A recent paper published in Gender and Society by Liz Ransom and Carmen Bain shows that efforts to "mainstream gender" into agricultural aid projects have been mixed, at best, and that in recent years the percentage of projects and dollars targeting women has actually declined.
Ransom and Bain used AidData to identify the universe of agricultural projects allocated to developing countries between 1978 and 2003. Then they independently coded a sample of these projects in order to identify the type of agricultural aid and whether the projects directly or indirectly targeted women. The Figure below shows the percentage of agricultural projects that fell into one of six broad categories in a given year (white bar) and the percentage of projects within that sub-sector that targeted women/gender (shaded bar).
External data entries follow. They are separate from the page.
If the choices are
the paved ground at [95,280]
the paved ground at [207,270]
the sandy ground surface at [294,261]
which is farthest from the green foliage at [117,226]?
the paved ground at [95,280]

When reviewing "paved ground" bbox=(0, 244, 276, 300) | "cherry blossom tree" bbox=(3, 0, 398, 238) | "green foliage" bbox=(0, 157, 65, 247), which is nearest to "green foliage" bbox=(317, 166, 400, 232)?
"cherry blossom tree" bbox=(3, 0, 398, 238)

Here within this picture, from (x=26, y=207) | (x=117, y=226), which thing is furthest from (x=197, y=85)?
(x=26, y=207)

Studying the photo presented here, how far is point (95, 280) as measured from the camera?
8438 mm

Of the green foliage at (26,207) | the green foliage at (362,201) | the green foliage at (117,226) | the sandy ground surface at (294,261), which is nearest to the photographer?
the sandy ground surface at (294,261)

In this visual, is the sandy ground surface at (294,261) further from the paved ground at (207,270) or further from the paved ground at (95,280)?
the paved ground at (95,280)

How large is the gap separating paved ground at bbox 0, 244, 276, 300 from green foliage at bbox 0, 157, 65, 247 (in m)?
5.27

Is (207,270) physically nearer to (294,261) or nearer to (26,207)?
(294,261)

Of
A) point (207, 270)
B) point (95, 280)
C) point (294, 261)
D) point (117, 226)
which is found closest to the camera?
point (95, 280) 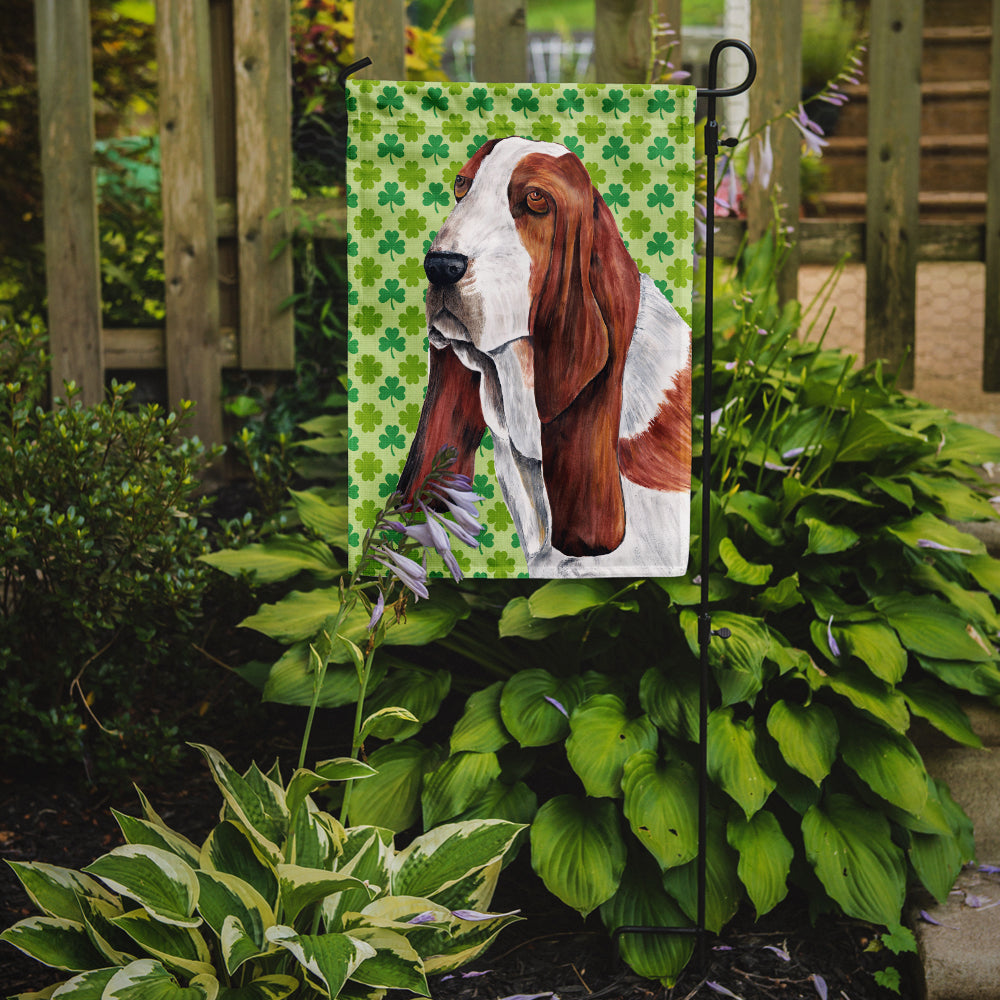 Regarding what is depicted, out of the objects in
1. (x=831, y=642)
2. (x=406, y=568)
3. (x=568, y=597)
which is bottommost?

Across all six types of agriculture aid the pattern looks similar -- no targeting at the beginning of the time series, a surge in the 1990s, and then drop off in 2002-2003. The figure below shows one of the six categories (Ag Infrastructure).
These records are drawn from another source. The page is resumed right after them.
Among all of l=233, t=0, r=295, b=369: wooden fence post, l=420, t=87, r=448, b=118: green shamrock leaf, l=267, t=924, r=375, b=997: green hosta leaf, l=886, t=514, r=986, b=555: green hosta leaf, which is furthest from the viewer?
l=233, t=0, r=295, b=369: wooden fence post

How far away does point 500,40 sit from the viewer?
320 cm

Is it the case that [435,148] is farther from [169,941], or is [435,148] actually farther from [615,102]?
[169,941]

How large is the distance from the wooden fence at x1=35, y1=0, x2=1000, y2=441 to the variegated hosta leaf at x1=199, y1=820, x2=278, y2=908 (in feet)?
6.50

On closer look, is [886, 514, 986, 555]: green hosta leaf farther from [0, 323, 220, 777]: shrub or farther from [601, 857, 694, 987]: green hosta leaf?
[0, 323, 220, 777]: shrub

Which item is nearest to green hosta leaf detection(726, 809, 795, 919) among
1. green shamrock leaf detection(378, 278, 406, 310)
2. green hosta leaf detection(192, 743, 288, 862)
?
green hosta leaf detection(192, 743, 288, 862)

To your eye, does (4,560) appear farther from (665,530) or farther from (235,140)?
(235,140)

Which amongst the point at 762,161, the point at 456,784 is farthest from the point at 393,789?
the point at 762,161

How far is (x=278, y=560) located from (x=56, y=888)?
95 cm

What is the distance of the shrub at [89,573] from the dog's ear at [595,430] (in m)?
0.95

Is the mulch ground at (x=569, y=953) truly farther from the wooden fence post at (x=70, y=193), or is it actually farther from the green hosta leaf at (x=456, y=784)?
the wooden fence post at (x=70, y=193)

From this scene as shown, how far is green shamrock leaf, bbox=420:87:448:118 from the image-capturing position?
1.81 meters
It turns out that while the discourse about mainstreaming gender and targeting vulnerable female populations has continued to increase over time, dollars for this purpose have not. Ransom and Bain conclude on a pessimistic note: "Our findings suggest that the rhetoric of gender mainstreaming outstrips efforts to develop projects aimed at women and gender inequality and that the concept may be being used to legitimize a decline in focusing explicitly on women." For the whole paper click here.
Their findings are similar to Powers et al who compare actual budgets of World Bank projects to the rhetoric of environmental mainstreaming within the Bank and show that rhetoric often outstrips funding reality in that sector as well.